Can you try again now?

Metadata Update from @kevin:
- Issue priority set to: Waiting on Reporter (was: Needs Review)

4 years ago

Still the same issue:

Spot Request Failed
You are not authorized to perform this operation.
Hide launch log
Creating security groups

    Successful (sg-0d1643ae167188f78)
Authorizing inbound rules

    Successful
Requesting Spot Instances


FailureRetry

ok. Made another change... try again?

Also, if you can try with the cli and see if it provides more information on what was failed?

fatal: [127.0.0.1]: FAILED! => {"changed": false, "msg": "Instance creation
failed => UnauthorizedOperation: You are not authorized to perform this
operation."}

Cli prints the same useless message.

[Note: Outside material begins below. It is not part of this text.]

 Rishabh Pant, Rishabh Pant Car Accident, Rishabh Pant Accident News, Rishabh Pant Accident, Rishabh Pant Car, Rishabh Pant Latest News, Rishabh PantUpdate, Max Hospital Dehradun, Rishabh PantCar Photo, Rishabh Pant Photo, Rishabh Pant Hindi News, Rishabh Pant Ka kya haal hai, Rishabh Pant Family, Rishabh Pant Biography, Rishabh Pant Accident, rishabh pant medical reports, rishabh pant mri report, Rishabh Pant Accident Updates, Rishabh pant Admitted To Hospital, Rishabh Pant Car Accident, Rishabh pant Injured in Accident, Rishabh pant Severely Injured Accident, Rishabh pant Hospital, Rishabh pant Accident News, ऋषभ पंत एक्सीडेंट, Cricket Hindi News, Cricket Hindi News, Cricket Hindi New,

I tried through ansible playbook, though,
because I don't know how to use the cli properly, yet. From the ami permission
problem #8421 though I don't think it would be more descriptive.

Edited 4 years ago by praiskup

Metadata Update from @smooge:
- Issue priority set to: Waiting on Assignee (was: Waiting on Reporter)

4 years ago

cverna commented 4 years ago

So I think this was sorted out by @kevin . Can we close this ticket ?

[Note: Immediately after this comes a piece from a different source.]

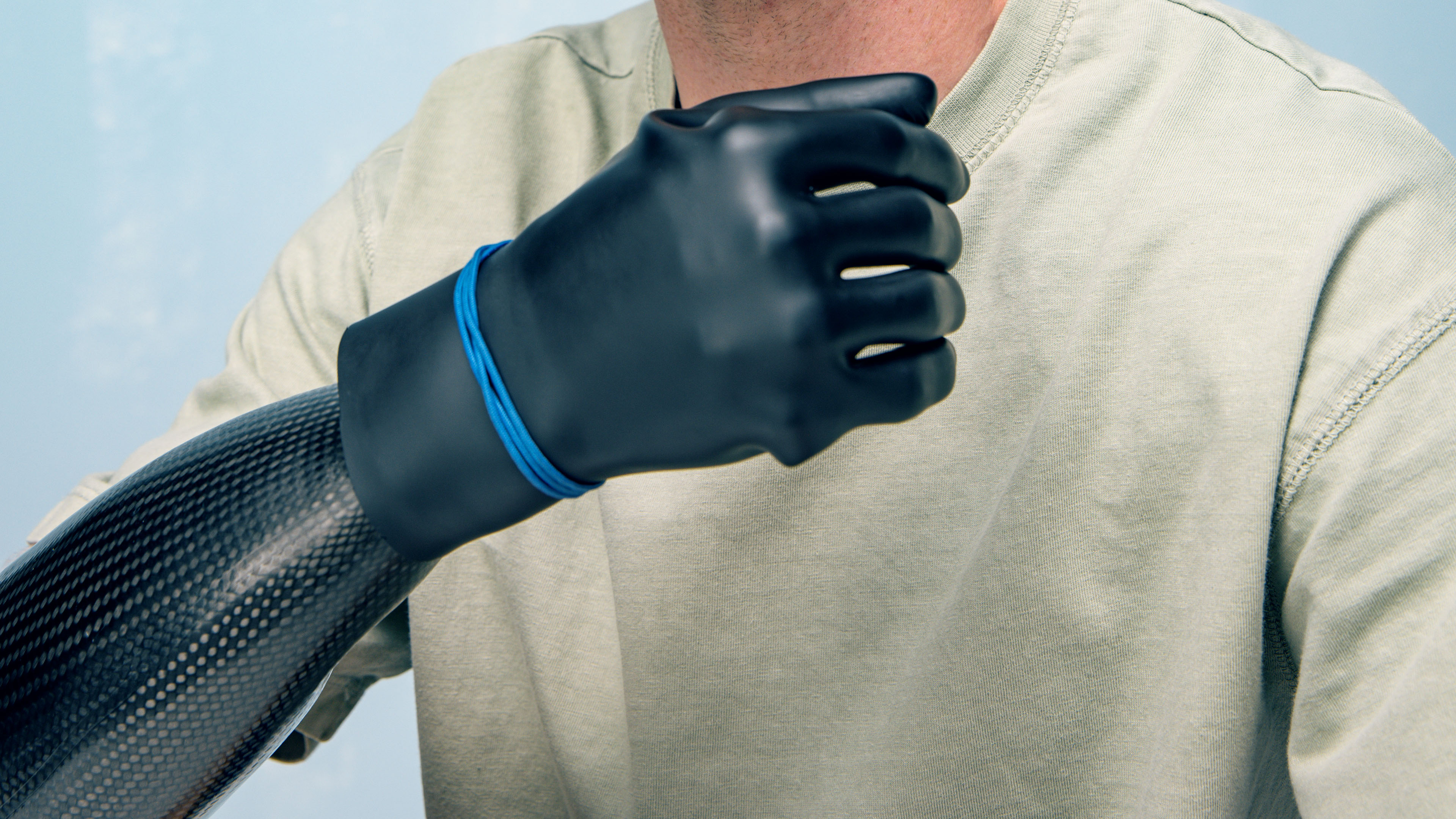 An upper limb amputee wearing the Michelangelo prosthetic hand by Ottobock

Last time (last week) when I talked to @msuchy this did not work yet.

It does not , just hit the same thing with our account also

Not sure if this is still an issue.
When a user needs to create a spot fleet they need the following IAM permissions to be able to pass a role. It is required that they specify a IAM fleet role of some sort

"iam:ListRoles",
"iam:PassRole",
"iam:ListInstanceProfiles"

AWS offers a default IAM fleet role which can be passed to the instances called aws-ec2-spot-fleet-tagging-role that will allow instances to be requested, launched, terminated, and tagged automatically.

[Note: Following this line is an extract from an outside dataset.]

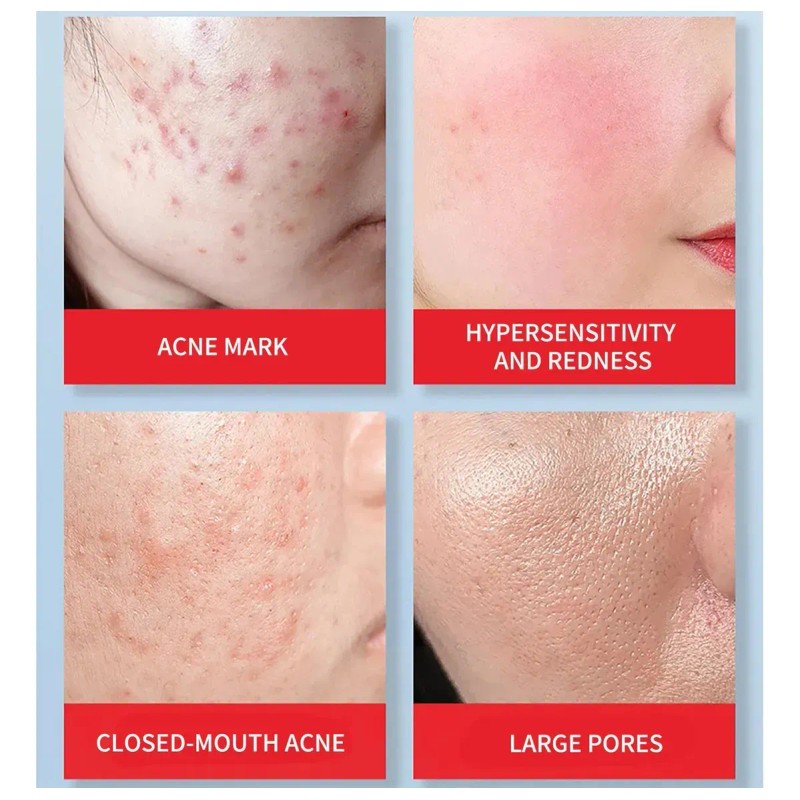 ' For Crema Minimizadora Con Ácido Salicílico, Limpieza De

It is a problem. I get this when trying to launch an instance with a spot request:

You are not authorized to perform this operation. Encoded authorization failure message: 4Mi3M1NKwlumeltBTaHYtYz7EKgpS_f9O1BygIZhMfVP3woxQdpeou_j5woo3A1FBB4g57Y0314Y9Kt8R4zlhFfxMqIunIU2FKghF9eglNzTQ7Ihq-J28ACkpr-_vaJEv04EJwm-9gd824W-7PNooUWfIJpXQCKKBugl1xEf4XUaXuhKGPeKehxdlgvasFnunWy9lbxn9ZcdTrIMiz-9pDTGWUMBdeqbkoaRaW4ib3-ZJf3zPdW_pLGVV6bLS1zNnhI4ysYJtFPYw9l0L9-gQ4VZaV6LGLTwWfzmss-FI3huf5rfUD8v8o9NeoWy9Du0MjoRsYTTzDHW3otXJKx73Km1Adqnf-9NUpasuss8obAH8M_Rh87vqd5odjrQn5yMzb3Vx3gGck14ABa6AU_pP-mDPKQtR5cIEH5qLLNwtsyarOlmZ_PZCYohTpEHPQU3R5v5BcZWdnUQ5nt9yTgsMbIm14eAg5a7zCsVsbeCX6HNSdEeotlzD1KWlrtc1m2zPevcvJnZ5OHk1ZZF6Lr-nWDG5nuH1638lg

Edited 4 years ago by mvadkert

@mvadkert could you run the command aws sts decode-authorization-message --encoded-message <encoded_string> using the encoded string from your comment to decode it please

@mobrien thanks for the command :)

An error occurred (AccessDenied) when calling the DecodeAuthorizationMessage operation: User: arn:aws:iam::125523088429:user/fedora-ci-testing-farm is not authorized to perform: sts:DecodeAuthorizationMessage

quite a funny message :D

because it works from cmdline :)

But I use there the automation user we have:

    "Arn": "arn:aws:iam::125523088429:user/fedora-ci-testing-farm"

Ok looks like we will need an administrator to run the sts command to decode the message. The reason it has been encoded is that that it could potentially contain privileged information.
It should hopefully contain the permissions that are causing the issue though.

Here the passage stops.